In a jar of 115 balls, each being red or blue. There are 60 red balls. Show that there are at least two red balls in the jar exactly 4 terms apart.
My Approach
There are 115 balls and we need 4 terms apart, so we make groups of 6
$115 \over6$$ = 19.167$
also we know we have 60 red balls $\therefore$ $60 \over6$$ = 10$
Since we have 2 possibilities, red or blue from pigeon holes principle, we can say that red and blue both have $115 \over(6*2)$$= $$115 \over12$ which is approximately $9.583$ , which means that out of red and blue, one has $10$ pairs and the other has $9$.
Also we know that there are 10 pairs red balls.
This shows that it is true that the red balls have 10 pairs of 6 balls which are red. This also shows that in the pair of 6 balls, the first and the last is also red and they are 4 terms apart in turn proving the hypothesis.
I am not sure if I did it right as this seems too sketchy
It does seem rather sketchy ... in fact, I can't follow it at all. Groups of $4$? red and blue? Pair of $6$ balls?
Also, the question itself is weird: balls in a jar ... 4 terms apart?
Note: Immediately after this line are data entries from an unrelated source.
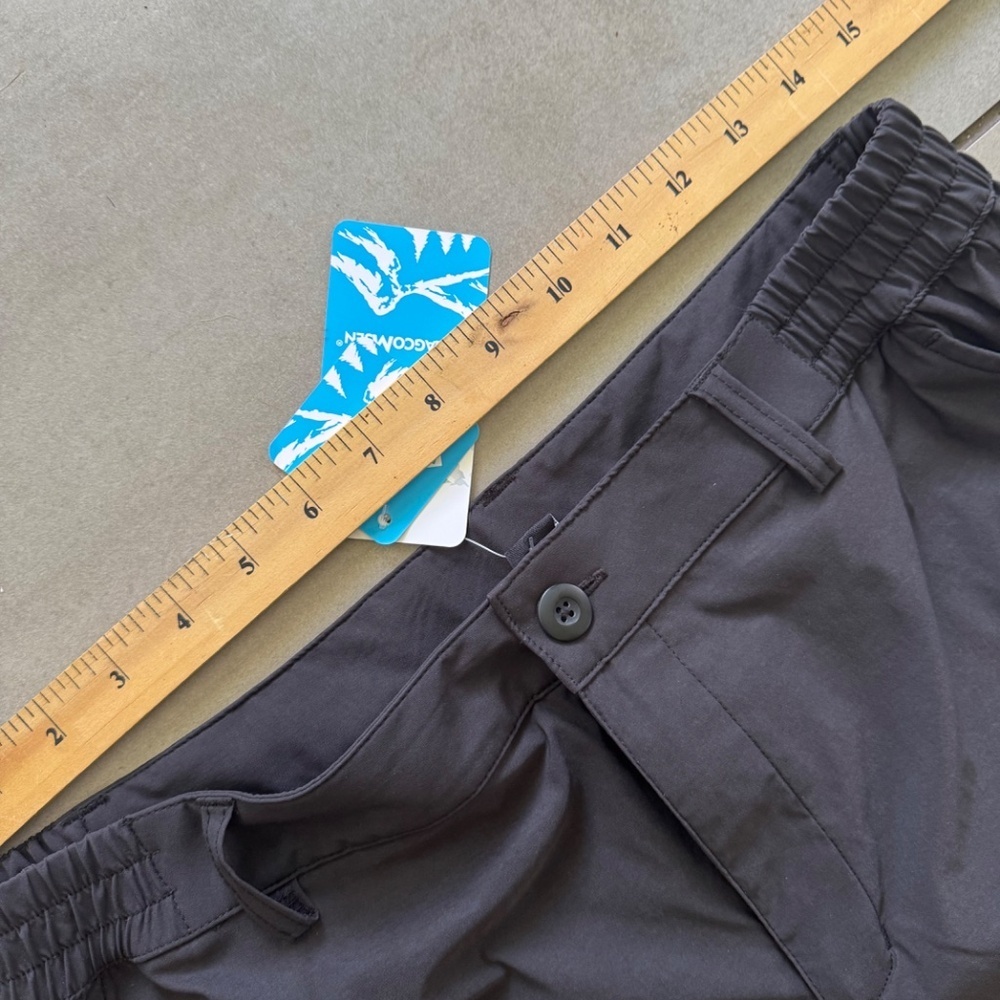 Magcomsen Women’s Black Cargo Capri Pants – Quick Dry Outdoor Hiking – Size L - Picture 8 of 10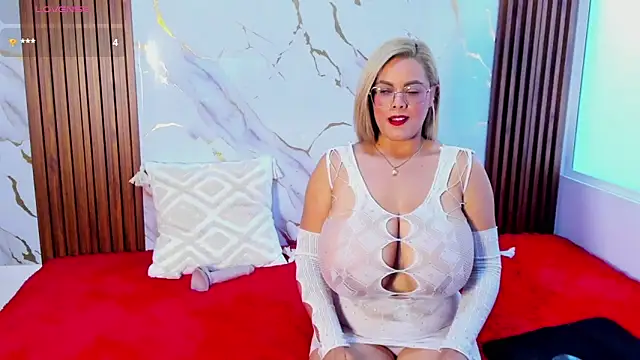 AdelyGinn online show from 20, 12, 2025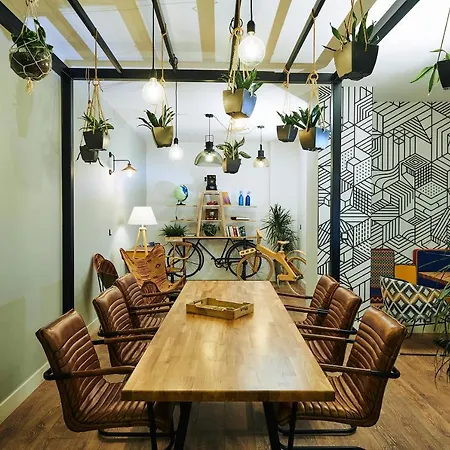 Blue Bottle Boutique Отель 3*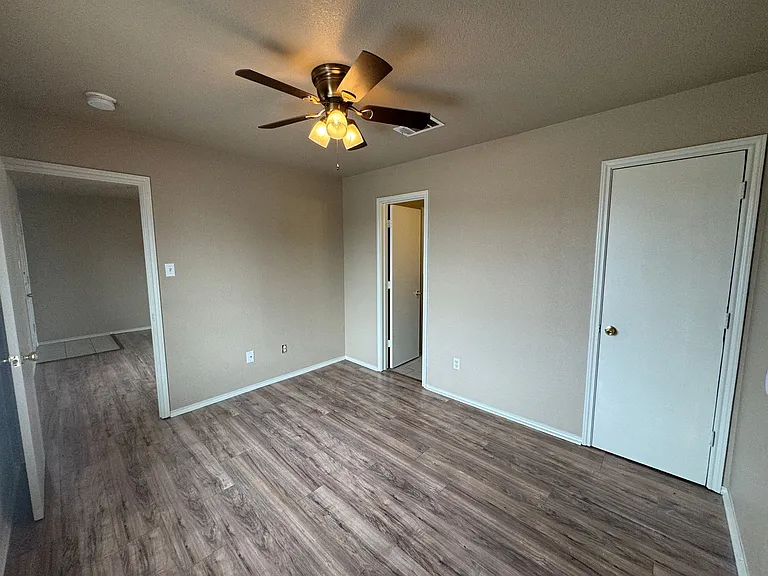 5702 Greengate Dr — Photo 58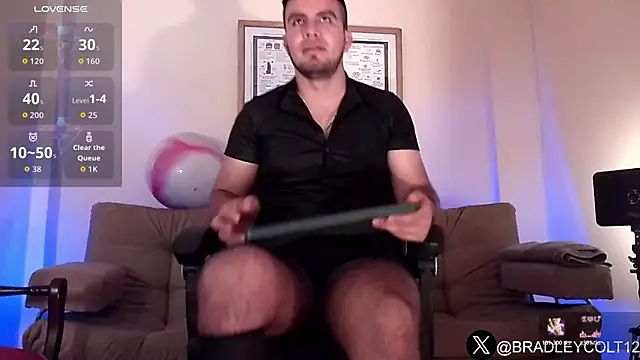 Snapshot of bradley_colt chatting on June 3, 2:33 pm bradley colt online show from June 3, 2:33 pm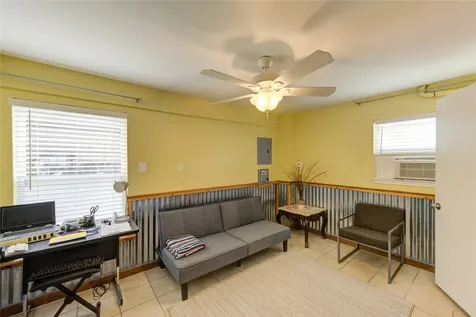 138 Tarpon Street Bayou Vista TX 77563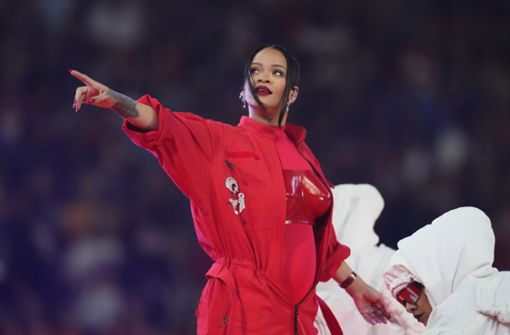 Rihanna bei ihrem Auftritt in der Pause des Super Bowl Foto: dpa/Ross D. Franklin
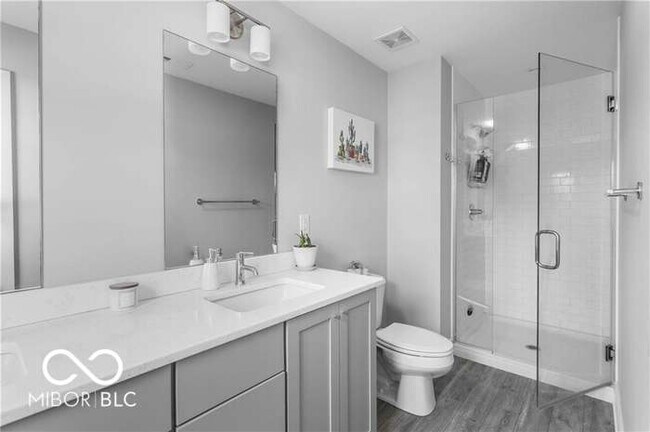 Foto del edificio - 28 Central Greens Blvd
OK, I assume that the question basically is: If you pick $60$ numbers from $1$ through $115$, then there must be two numbers with a difference of $4$
Here's why:
Pick $60$ numbers.
Divide them into $4$ groups, depending on whether the number $\equiv 0,1,2$, or $3 \bmod 4$
Note that in each group, the numbers are a multiple of $4$ apart.
So, if you have a group with at least $16$ numbers, then for no two of them to be exactly $4$ apart, they need to be at elast $8$ apart, but that means the lowest and highest number are at least $8 \cdot 15 =120$ apart, which is impossible.
So, all $4$ groups have exactly $15$ members. But now you have a problem with the group of numbers that are $\equiv 0 \bmod 4$, for the lowest possible number is $4$, and the highest needs to be at least $8 \cdot 14=112$ higher, which is $116$, and so there must be at least two that are exactly $4$ apart.